**WORK ORDER:** Report each line of the records below that uses the word "Stainless".

**LISTED ENTRIES:**
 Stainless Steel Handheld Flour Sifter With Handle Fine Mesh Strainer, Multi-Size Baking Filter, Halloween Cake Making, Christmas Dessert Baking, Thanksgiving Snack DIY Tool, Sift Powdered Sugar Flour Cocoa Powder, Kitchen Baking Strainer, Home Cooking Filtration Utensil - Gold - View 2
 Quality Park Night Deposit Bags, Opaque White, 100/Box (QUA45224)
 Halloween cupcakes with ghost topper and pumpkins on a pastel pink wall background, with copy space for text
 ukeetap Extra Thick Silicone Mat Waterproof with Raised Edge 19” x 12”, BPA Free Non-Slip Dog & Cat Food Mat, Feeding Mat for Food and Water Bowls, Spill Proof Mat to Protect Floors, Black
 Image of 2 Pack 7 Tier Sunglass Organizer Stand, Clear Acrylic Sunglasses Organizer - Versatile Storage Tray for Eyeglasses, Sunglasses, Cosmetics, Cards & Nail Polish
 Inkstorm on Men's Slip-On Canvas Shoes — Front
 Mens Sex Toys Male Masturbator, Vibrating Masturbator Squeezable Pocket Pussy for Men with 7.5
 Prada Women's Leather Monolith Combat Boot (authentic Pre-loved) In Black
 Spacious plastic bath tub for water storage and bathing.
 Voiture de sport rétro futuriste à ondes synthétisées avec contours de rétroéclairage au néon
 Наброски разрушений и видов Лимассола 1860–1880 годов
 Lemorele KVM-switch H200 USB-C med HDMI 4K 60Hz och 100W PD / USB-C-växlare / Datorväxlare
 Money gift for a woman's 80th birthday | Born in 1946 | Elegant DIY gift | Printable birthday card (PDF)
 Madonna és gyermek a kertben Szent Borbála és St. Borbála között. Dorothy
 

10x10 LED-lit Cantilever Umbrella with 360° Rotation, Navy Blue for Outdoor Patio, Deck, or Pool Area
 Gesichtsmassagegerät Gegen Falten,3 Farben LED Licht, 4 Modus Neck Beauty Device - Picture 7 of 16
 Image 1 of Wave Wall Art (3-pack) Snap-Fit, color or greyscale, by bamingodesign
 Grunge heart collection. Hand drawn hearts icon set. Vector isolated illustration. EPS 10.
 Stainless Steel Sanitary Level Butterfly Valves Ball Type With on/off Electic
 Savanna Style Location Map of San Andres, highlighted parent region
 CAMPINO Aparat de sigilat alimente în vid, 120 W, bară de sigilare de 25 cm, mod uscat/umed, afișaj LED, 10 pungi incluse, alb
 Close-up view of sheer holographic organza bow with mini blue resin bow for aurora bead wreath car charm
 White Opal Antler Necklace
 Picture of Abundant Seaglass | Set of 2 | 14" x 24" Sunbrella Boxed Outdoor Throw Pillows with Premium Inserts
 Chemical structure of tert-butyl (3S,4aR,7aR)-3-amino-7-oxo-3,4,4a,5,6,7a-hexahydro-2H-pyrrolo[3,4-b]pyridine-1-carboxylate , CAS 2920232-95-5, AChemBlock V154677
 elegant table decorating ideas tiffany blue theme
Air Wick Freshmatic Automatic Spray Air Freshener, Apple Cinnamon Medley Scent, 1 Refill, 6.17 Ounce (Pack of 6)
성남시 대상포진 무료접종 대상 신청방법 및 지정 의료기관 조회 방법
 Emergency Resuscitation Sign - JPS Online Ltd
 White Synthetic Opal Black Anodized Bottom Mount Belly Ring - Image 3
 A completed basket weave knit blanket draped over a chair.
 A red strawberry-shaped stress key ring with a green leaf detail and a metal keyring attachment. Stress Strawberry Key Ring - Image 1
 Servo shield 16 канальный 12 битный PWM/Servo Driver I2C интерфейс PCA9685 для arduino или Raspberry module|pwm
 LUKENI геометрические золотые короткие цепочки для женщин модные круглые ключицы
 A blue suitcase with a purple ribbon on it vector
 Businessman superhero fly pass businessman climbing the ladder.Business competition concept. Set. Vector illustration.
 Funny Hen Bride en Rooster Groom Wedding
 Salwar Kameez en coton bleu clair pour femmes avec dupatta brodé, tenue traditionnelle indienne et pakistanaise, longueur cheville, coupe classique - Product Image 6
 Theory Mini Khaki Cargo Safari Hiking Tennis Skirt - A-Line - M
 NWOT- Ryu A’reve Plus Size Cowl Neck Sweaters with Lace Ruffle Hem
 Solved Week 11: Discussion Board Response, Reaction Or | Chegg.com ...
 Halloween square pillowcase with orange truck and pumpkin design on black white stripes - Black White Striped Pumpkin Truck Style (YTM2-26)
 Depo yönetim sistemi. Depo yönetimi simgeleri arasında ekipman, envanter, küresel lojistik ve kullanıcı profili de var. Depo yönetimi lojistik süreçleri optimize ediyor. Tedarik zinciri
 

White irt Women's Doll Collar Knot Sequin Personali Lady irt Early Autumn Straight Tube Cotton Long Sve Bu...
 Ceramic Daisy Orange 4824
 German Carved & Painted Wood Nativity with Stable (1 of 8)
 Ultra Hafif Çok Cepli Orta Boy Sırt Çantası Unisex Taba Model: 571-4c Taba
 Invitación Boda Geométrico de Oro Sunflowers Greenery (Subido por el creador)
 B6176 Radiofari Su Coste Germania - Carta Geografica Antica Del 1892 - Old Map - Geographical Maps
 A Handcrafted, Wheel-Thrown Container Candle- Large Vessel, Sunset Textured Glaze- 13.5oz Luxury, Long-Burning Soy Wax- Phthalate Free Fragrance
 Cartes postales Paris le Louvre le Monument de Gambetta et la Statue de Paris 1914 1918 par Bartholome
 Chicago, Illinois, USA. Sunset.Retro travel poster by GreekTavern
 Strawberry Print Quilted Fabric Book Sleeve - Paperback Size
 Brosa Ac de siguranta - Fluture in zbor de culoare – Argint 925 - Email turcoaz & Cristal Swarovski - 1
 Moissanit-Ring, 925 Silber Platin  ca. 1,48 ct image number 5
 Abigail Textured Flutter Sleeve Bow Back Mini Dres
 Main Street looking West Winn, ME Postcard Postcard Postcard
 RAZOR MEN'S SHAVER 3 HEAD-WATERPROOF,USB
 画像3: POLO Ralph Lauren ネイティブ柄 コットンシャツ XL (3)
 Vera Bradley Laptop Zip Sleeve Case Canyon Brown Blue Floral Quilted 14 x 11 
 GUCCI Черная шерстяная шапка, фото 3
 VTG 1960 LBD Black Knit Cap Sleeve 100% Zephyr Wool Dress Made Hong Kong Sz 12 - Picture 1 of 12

**YOUR RESPONSE:**
 Stainless Steel Handheld Flour Sifter With Handle Fine Mesh Strainer, Multi-Size Baking Filter, Halloween Cake Making, Christmas Dessert Baking, Thanksgiving Snack DIY Tool, Sift Powdered Sugar Flour Cocoa Powder, Kitchen Baking Strainer, Home Cooking Filtration Utensil - Gold - View 2
 Stainless Steel Sanitary Level Butterfly Valves Ball Type With on/off Electic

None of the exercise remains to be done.